“If it was my job to process it, I would be very bad at it,” Bo Burnham tells Gold Derby in an exclusive interview (watch the video above) about the nominations and awards that he has earned for writing and directing “Eighth Grade.” In the days since Burnham attended the 76th Golden Globe Awards with his nominated lead actress Elsie Fisher, Burnham has received recognition from two peer groups — “it’s hard to even consider them peers because I wasn’t their peer like two months ago,” he laughs — in the form of a Best Film Original Screenplay nomination from the Writers Guild of America and a Best Film First-Time Directing nomination from the Directors Guild of America. He recounts, “I got a text about the Writers Guild and then the president of the DGA actually called me yesterday morning and that was crazy, so that’s amazing. Just to be recognized by other writers or other directors is obviously incredibly flattering.”

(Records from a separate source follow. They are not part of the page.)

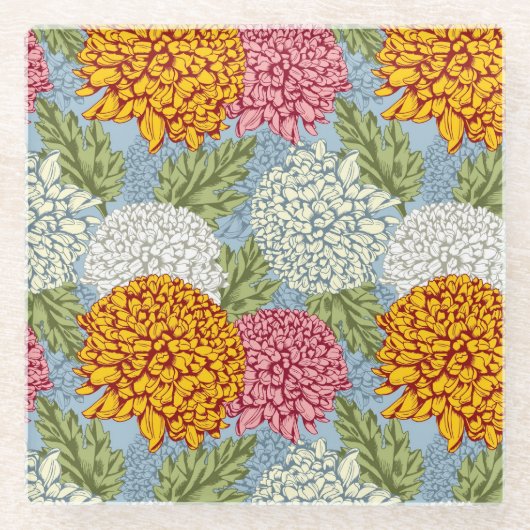 菊が付いている優秀なパターン ガラスコースター (正面)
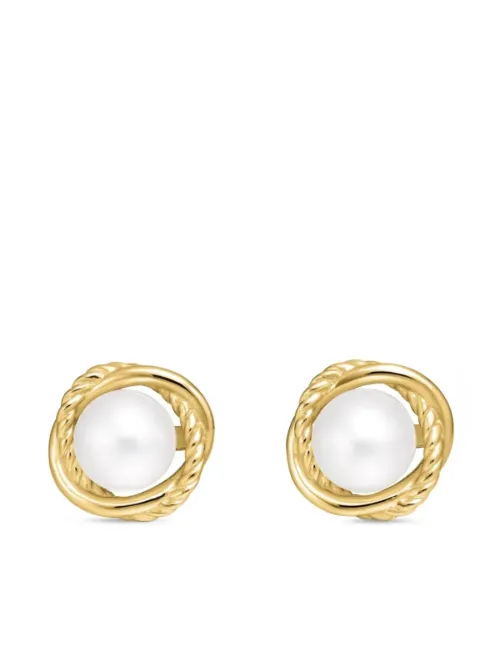 Puces d'oreilles Crossover Infinity en 18ct à perles (10 mm) - David Yurman - Modalova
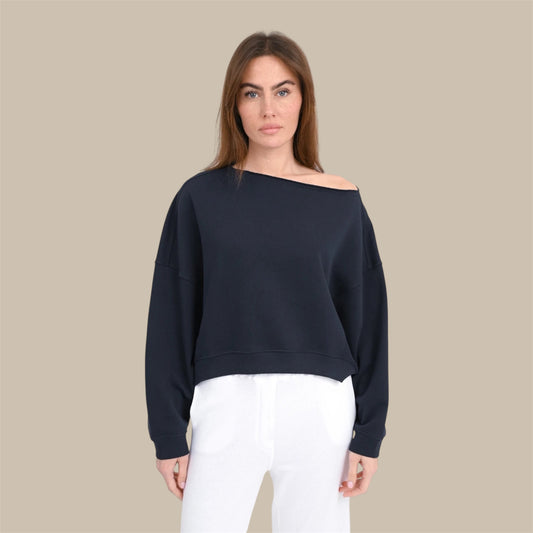 CROP SWEATSHIRT MARTI - deep water- Love, Joy & Victory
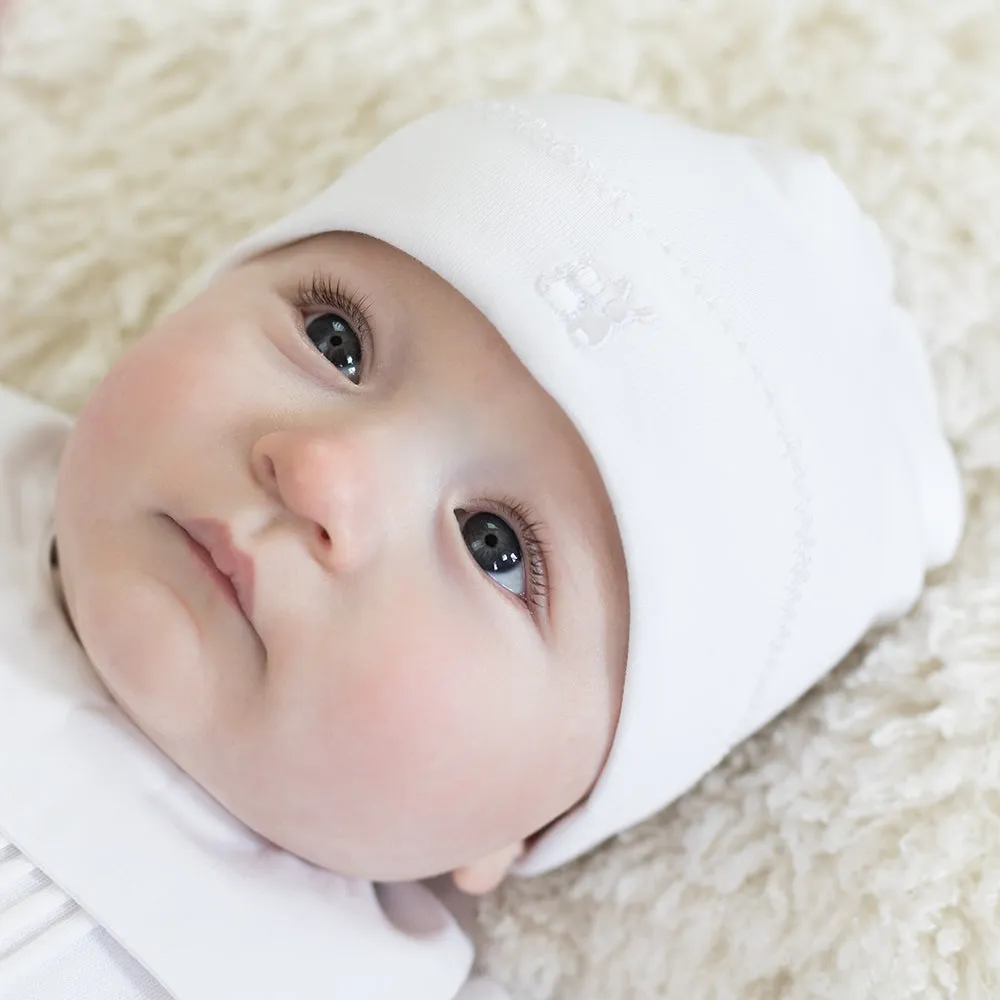 Unisex Baby White Pull On Hat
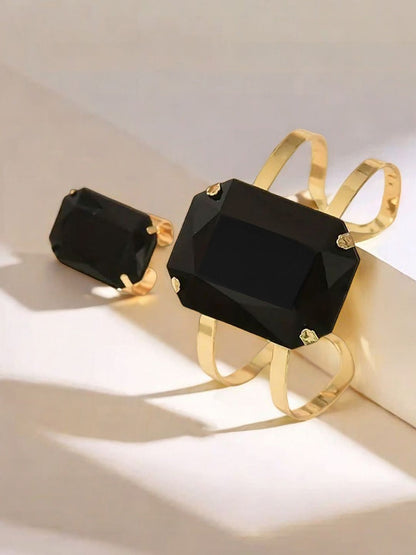 Gold-Plated Artificial Stones Jewellery Set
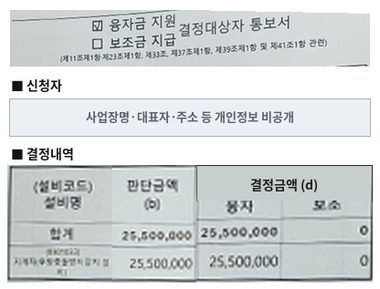 지게차 (후방충돌방지장치) 융자금 지원 결정통보서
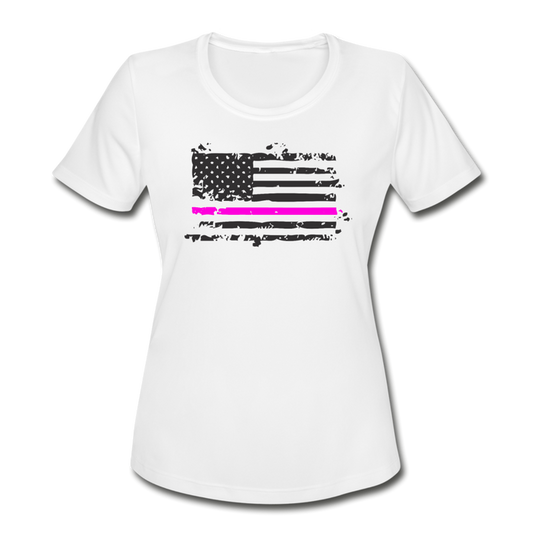 Women's Moisture Wicking Performance T-Shirt - Pink Line Flag - white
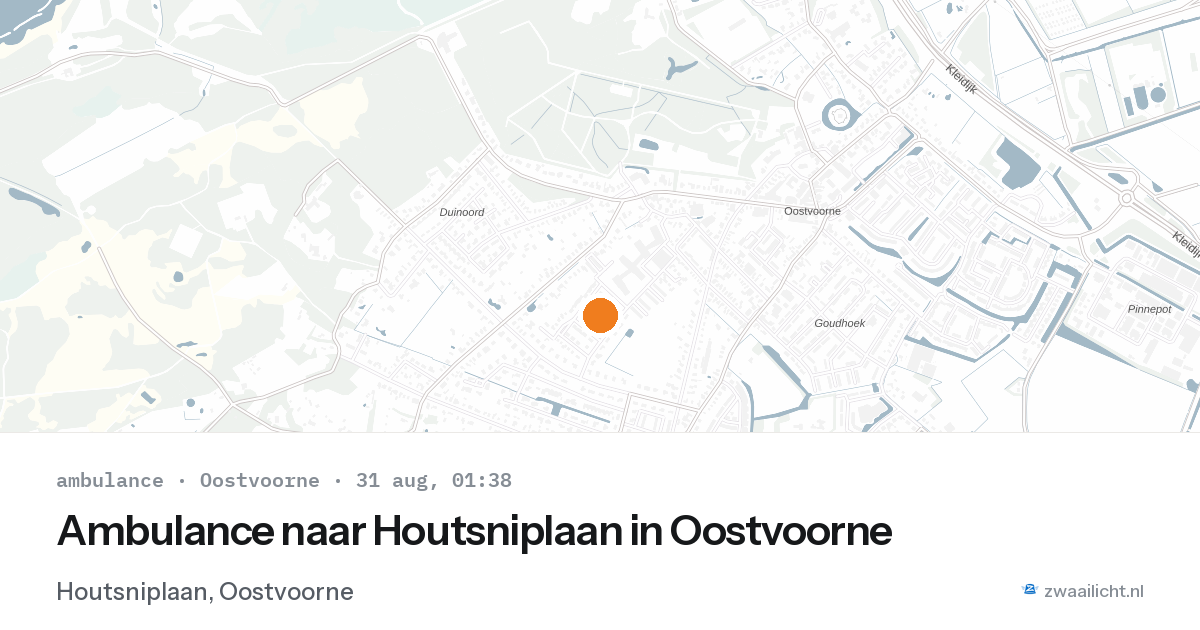 Ambulance naar Houtsniplaan in Oostvoorne — 30 aug 2026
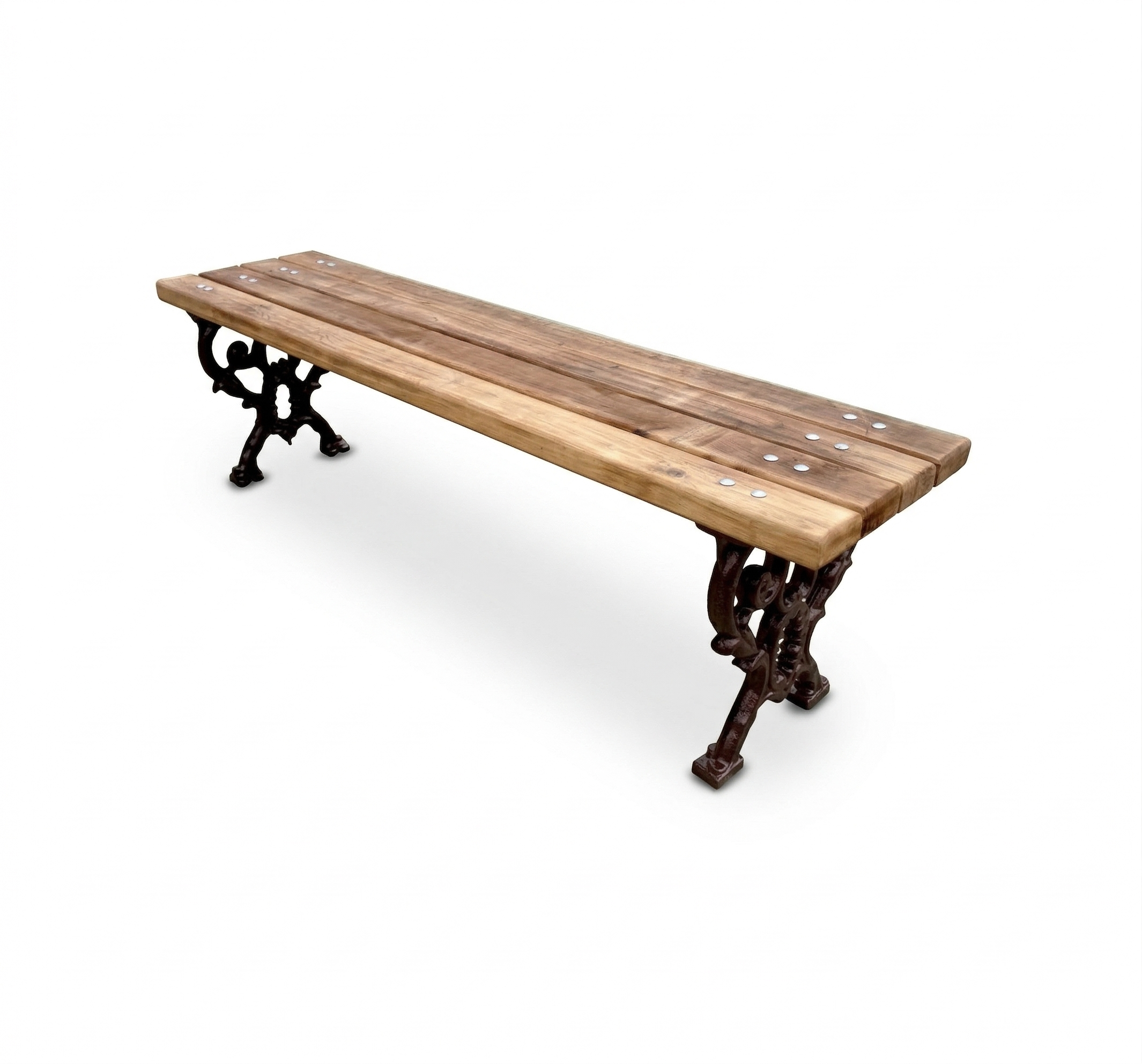 Decorative Cast Aluminum Backless Bench – 145 cm Outdoor Seating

“I didn’t want to write about being a kid; I didn’t care about being a kid — I wanted to write, to me, what it felt like to be alive right now, so that was my impulse for writing,” Burnham explains about writing his first narrative feature film after making a career as a stand-up comedian and variety performer. “It started as not about a kid; just about ‘the Internet’ and about ‘right now’ and then it happened to be about a kid and then it became more universal from there,” Burnham continues, explaining about his depiction of technology, “The hope was with the movie not to embed [any] judgment of the technology; just portray the reality of it, so it was really just trying to get real kids — actual 13-year-olds, actual eighth graders — in the space, in the scenes and just have them exist.”
For viewers who appreciated the style, themes and voice of “Eighth Grade,” Burnham has a few recommendations. He says about the 1975 film “One Flew Over the Cuckoo’s Nest,” “I wanted the kids in the film to have the energy that the actors had in that movie — the spontaneous raw energy where it feels like the line between acting and reality is really blurred.” Although “not for kids,” Burnham cites the 2015 film “Krisha” as “a big reference for me in terms of stylized naturalism.”